霧島の新燃岳が噴火し火山灰による被害が広がっている。
霧島は宮崎・鹿児島県境にあるが宮崎県の人間はあれは宮崎のものだとくらいに思っている。地図をみると新燃岳の火口は鹿児島県側にあるけれども灰は宮崎県側に降る。
下:下に桜島の噴煙も小さく見える。新燃岳の噴煙はモロに宮崎市方面へ

霧島はたくさんある火山の総称であり、霧島山という山頂はない。ドライブウェイが山上を走り、高千穂の峰から韓国岳に至る火口をめぐる縦走路は登山客に人気がある。桜島は年中噴煙を上げているので明らかに活火山であるが、宮崎県民でも霧島は死火山か休火山くらいに思っていた人も多い。

今回爆発した新燃岳火口は映画「007は2度死ぬ」(1967年)で悪役のスペクターの秘密基地として登場する。火口がスペクターのロケット打ち上げ基地なのである。
これを子供のころ見た。海女に扮した浜美枝とショーン・コネリーがこの山を登る姿を覚えている。さっき海から歩いて出発したのにその直後海女の衣装のままで霧島の山頂にいるというのはムチャな設定だ、と子供心に不審に思ったものだ。舞台となっている海岸、薩摩半島南端の坊津あたりからだと今でも車で3時間はかかるのでないか。高速のないあのころだと一日かかったはず。そもそもが荒唐無稽なお話だからそんな些末事が気になるのは地元の人間だけか。
ともかく日本が舞台、トヨタ2000GTの雄姿、国宝姫路城の白壁を手裏剣で破損、日本人ボンドガール浜美枝、わが故郷宮崎県での撮影など話題も思い出も多かった映画。あれからいつしか半世紀も経過したとは。齢をとるはずだ。

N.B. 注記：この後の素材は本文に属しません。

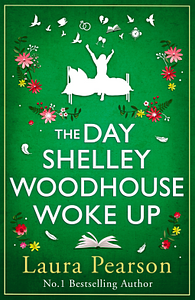 The Day Shelley Woodhouse Woke Up by Laura Pearson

下:カルデラの外輪山から見下ろす加久藤カルデラ。正面が霧島連山。霧島はカルデラ中央にあるわけではない。姶良カルデラの桜島のようにカルデラのはずれにある。中央の道路は九州自動車道。(写真はウィキペディアより転載)



今回の爆発ですぐに想起したのは小説「死都日本」である。この小説を読んだことのある人は誰しもそうだろう。8年前に読んだが印象は強烈だった。宮崎県ではご当地小説みたいな紹介もされた。著者の石黒耀(もちろんペンネーム)は宮崎大学医学部出身の医師で宮崎には土地感があり詳しい。

「死都日本」は霧島が永い眠りから目覚めて噴火し、それに引き続き霧島火山群の母体というべき加久藤カルデラが破局的大噴火する、という設定のいわばクライシスノベルである。かつての大ベストセラー、小松左京の「日本沈没」のスケールダウン版というところ。しかし、こちらのほうが断然リアリティがある。520ページもある大部な本だが前置きは短く、いきなり大災害が始まる。主人公をめぐるストーリーはオマケみたいなもんで、ポンペイの悲劇もかくや、というような大規模火砕流の描写が迫真的。まず都城盆地周辺が、引き続き鹿児島県も火砕流に飲み込まれる。200万あまりの人間は瞬時に火あぶりで即死する。描写は今見てきたかのようにやけにリアルである。こんな規模の噴火になると被害は局地的にはおさまらず、地球規模のものになる。

著者は医師でありながら火山オタクらしく、かなり専門的な地学的トリビアが随所にあり知的好奇心を満足させる。
九州南部に詳しくない人はぜひ地図を傍らに読めばさらに面白く読めるはずである。
ただしそれはこの小説があくまでありえないフィクションとして読めば面白い、ということで、今回の爆発がさらに発展してノンフィクションになってしまってはシャレにならない。江戸時代以降の例のようにすぐに収束するのを祈るのみである。

下:霧島近辺と大規模カルデラ群。これを見ると南九州は巨大火山の巣であることがわかる。ほぼ全域が姶良カルデラの火砕流が堆積したシラス台地となっている。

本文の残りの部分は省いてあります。